Um dem entgegenzuwirken, braucht es eine Aufstockung auf 1.000 Personen bei der Finanzpolizei.

Walter Gagawczuk, Arbeitsrechtsexperte der Arbeiterkammer

Neben der Abschaffung des Kumulationsprinzips wurde in der Novelle auch an anderen Schrauben gedreht, die einen solchen Schluss zulassen. So wurden dem Gesetz eine Reihe von Ausnahmen hinzugefügt, auf die das Gesetz nicht angewendet werden darf. Dazu gehören zum Beispiel entsendete Arbeitnehmer:innen, die Waren liefern oder abholen. Oder Entsendungen und Überlassungen im Rahmen von Austausch-, Ausbildungs-, Weiterbildungs- oder Forschungsprogrammen. Vor allem das erste Beispiel lässt bei Gagawczuk die Alarmglocken schrillen. „Im Logistikbereich kommt es bekanntermaßen immer wieder zu Lohn- und Sozialdumping.
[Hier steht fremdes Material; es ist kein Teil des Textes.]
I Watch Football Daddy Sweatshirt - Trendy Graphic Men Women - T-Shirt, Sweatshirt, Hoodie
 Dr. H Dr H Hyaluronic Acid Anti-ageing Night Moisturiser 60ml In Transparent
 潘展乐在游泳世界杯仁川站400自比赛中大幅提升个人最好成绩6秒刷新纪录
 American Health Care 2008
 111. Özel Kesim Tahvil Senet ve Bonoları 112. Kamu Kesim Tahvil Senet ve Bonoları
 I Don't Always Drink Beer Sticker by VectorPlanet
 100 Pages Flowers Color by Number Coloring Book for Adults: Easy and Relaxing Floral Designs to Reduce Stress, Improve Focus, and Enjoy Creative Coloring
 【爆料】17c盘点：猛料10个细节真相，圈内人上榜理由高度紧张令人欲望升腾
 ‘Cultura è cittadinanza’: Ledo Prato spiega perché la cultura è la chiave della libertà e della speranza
Bei diesen Ausnahmen besteht die Gefahr, dass die hier erzeugten Lücken von Arbeitgeber:innen für diesen Zweck genutzt werden.“

Aufschrei bleibt aus

Ohnehin gibt es beim LSD-BG das Problem der Durchsetzbarkeit, findet Gagawczuk. „Die Kontrolle obliegt der Finanzpolizei. Die hat am Papier 500 Personen zur Verfügung. In Wirklichkeit sind das aber nur noch 430 Mitarbeiter:innen. Die sind auch für Glücksspiel und NoVA-Kontrollen zuständig. Das heißt, sie können nur einen Bruchteil kontrollieren.“ Insgesamt könnten Arbeitgeber:innen damit kalkulieren, dass sich Sozialdumping für sie auszahle. „Um dem entgegenzuwirken, braucht es eine Aufstockung auf 1.000 Personen bei der Finanzpolizei.“ Und eine wesentlich stärkere Gesetzgebung, die nun aber, fast ohne größeren gesellschaftlichen Aufschrei, massiv aufgeweicht worden ist.